Across Indianapolis, parents like Engel are navigating a maze of shifting information about when — or whether — their food benefits will arrive, while leaning on community groups stepping in to fill the gap.
This comes as olunteers, faith leaders and city staff are racing to distribute food to families who often don’t know where their next meal will come from as the longest government shutdown in U.S. history drags on and uncertainty over SNAP continues.
City and corporations are donating at least $200,000 in emergency funding to Gleaners Food Bank to increase distribution to local food pantries. Even before SNAP delays, roughly half of Central Indiana residents experienced food insecurity in the past year, according to a new survey from Indy Hunger Network.

The distribution event at Fountain Square Church of Christ was part of the city's effort to offer a short-term stopgap.

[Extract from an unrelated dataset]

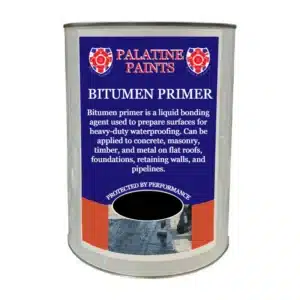 5Lt tin of bitumen primer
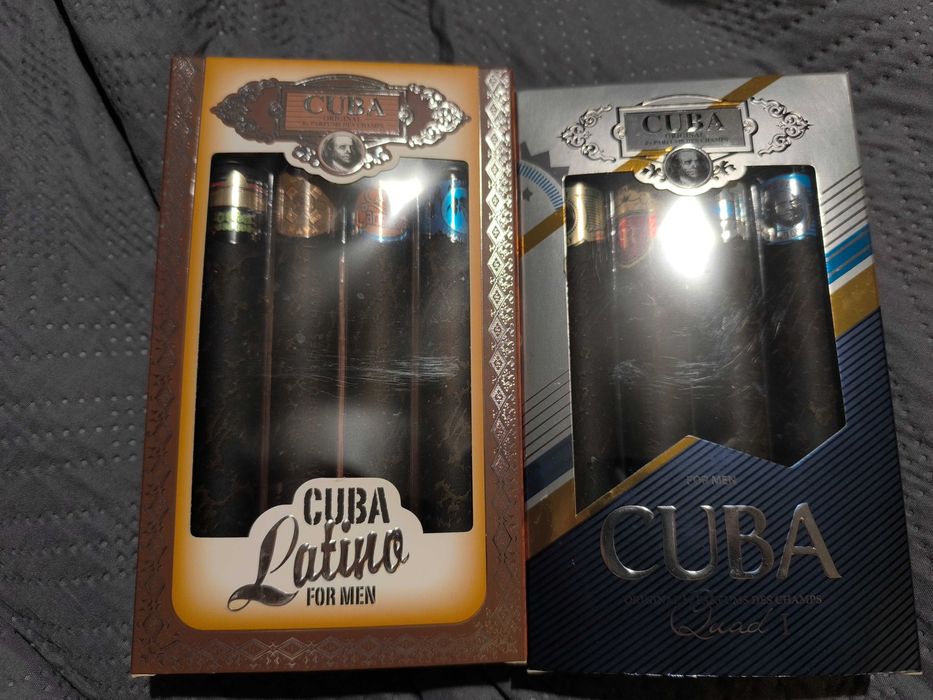 Perfumy męskie cuba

But food items ran out before Engel and others made it to the front of the line. Now, Engel says she’ll have to look for another food pantry or wait until the city’s next distribution event — a week away.
While some states had already begun issuing benefits, the U.S. Supreme Court temporarily granted the Trump administration’s request to block full SNAP payments during the government shutdown. The ruling requires states, for now, to revert to the partial payments the administration had directed them to distribute.

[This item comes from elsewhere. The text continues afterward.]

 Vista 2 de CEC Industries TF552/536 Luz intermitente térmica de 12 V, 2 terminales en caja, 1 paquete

MORE Here's where to get free food in Indianapolis
Funding for SNAP — the nation’s largest anti-hunger program — ran out last week. In Indiana, more than 571,000 people received SNAP benefits in September, according to the Indiana Family and Social Services Administration. Nearly 150,000 of them live in Central Indiana.
‘Maybe this will help’
On the west side of the city, volunteers at Masjid Al Fajr — home to the Indiana Muslim Community Association — are seeing the same surge in need. The pantry, which typically opens once a month, has expanded to weekly distributions in November as people face delayed or reduced benefits.
Rubina Dalal, who runs the food pantry at Masjid Al Fajr, said she’s seen a large influx of local families needing assistance. While food pantries can’t provide everything, she said, every bit helps as benefits remain in limbo.
“Maybe this will help them to be able to stretch their dollars a little more and get the other things that they can get,” she said. “We are present as a part of the fabric of Indianapolis and we are willing and helping.”

Reef Abdelhafez, a high school student who volunteered to distribute food at the Masjid Al Fajr, said her faith inspires her to help out those in need.
“Prophet Muhammad, peace be upon him, tells us in one of his narrations that the believers are like one body — when one part gets hurt, the other parts feel it too,” she said. “We want to feel with them, so we just came to help out.”
Brian Heinemann with the city’s Office of Public Health and Safety said food distribution events will continue across Indianapolis, regardless of what happens with SNAP benefits. The office has at least eight more distribution events scheduled this month.
“We’re feeding as many people as we can,” Heinemann said. “We’re going to keep doing it, no matter what happens. SNAP could be fully funded today, and people could get their checks — we’re still going to be here until the food runs out.”